The point cloud simplification can be realized by eliminating the remaining discrete points after clustering by using a clustering algorithm.
The point cloud splicing is suitable for the condition that multi-frame point cloud data exist, and the multi-frame point cloud data can be spliced to obtain a point cloud splicing base map.
The processing of the point cloud data may include the processes of point cloud denoising, point cloud simplification and point cloud splicing, or one or two of them may be selected, which is not described herein again. The preprocessed point cloud data can be used as a preprocessing result.
The second sub-neural network model is configured to: and receiving the preprocessing result, and determining the geographic position characteristics of the object to be marked contained in the preprocessing result. The geo-location features may include the location of the object to be annotated in the point cloud data or may include the location of the object to be annotated in the world coordinate system. The geographic position feature may be a geographic position feature of the geometric shape (contour) of the object to be labeled, such as the aforementioned (dotted line, solid line) line contour, the contour of the turning arrow, and the like.
The third sub-neural network model is configured to: and receiving the contents output by the first sub-neural network model and the second sub-neural network model, and fusing the contents output by the two sub-network models.
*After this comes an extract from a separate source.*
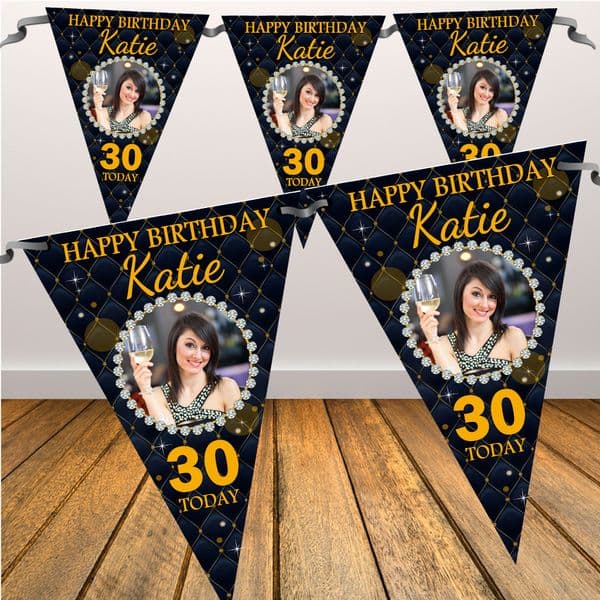Personalised Black & Gold Diamond Quilt Happy Birthday Flag PHOTO Bunting Banner - N75 ANY AGE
The principle of the fusion process may be to complement or calibrate the contents output by the two sub-neural network models.
For example, the geographic position of each object to be labeled can be determined by taking the geographic position feature of the object to be labeled output by the second sub-neural network model as a main feature. And then, the content output by the first sub-neural network model is used as compensation information to make up the situation that the object to be marked is unclear and the like due to light reflection or loss possibly occurring in the point cloud data. Specifically, the relative position relationship between the point cloud data and the image data identifying the object to be marked can be determined by the (internal and external) parameters of the image acquisition device and the (internal and external) parameters of the point cloud data acquisition device. And then the projection of the pixel points is carried out by utilizing the relative position relation, thereby realizing complementation and mutual calibration. Alternatively, the spatial coordinates of the object to be labeled may also be determined according to (internal and external) parameters of the image acquisition device and the position of the object to be labeled in the image data. And performing complementation and mutual calibration by using the space coordinates and the 3D pixel points in the point cloud data.
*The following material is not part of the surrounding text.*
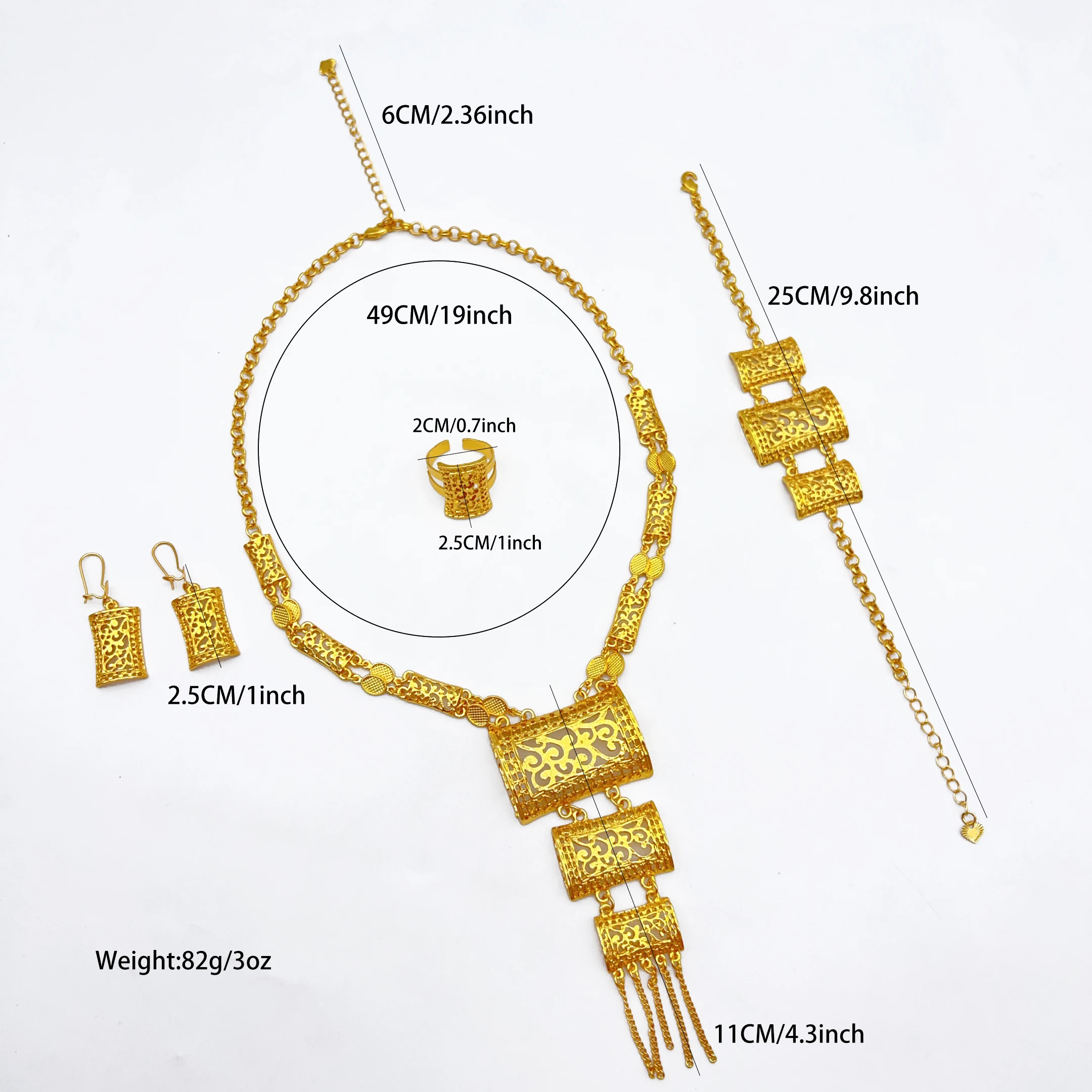 Brazilian 24k Gold Plated Long Tassel Necklace Earrings Jewelry Set For Women Wedding Jewellery Dubai Nigerian Bridal Sets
By the scheme, the semantic map and the point cloud data can be processed by utilizing a plurality of sets of sub neural network models so as to correspondingly determine different characteristics. And finally, fusing the determined different characteristics, so that not only can the geometric position of the object to be marked be generated, but also the color and the boundary of the object to be marked can be generated. Automation of mapping and labeling is realized, and the labeling precision can be maintained.
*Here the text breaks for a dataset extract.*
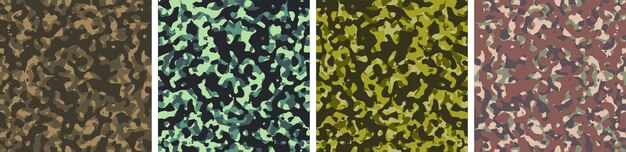 4 camouflage achtergrond instellen patroon ontwerp vector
As shown in fig. 3, in an embodiment, when there is a plurality of frames of point cloud data, the step S202 may specifically include the following steps:
s301: splicing the multi-frame point cloud data to obtain a splicing processing result;
s302: generating a top view base diagram of the object to be marked by utilizing the splicing processing result;
s303: the top base view is taken as the pre-processing result.
The multi-frame point cloud data is spliced to obtain point cloud data of a large range or a large area, such as point cloud data of one street or a plurality of streets. The process of splicing the multi-frame point cloud data may include coordinate identification of objects in each frame of point cloud data, so that matching, overlapping and the like of objects with coordinate differences within an allowable range in each frame of point cloud data are performed, and finally, the multi-frame point cloud data are spliced to obtain a splicing processing result.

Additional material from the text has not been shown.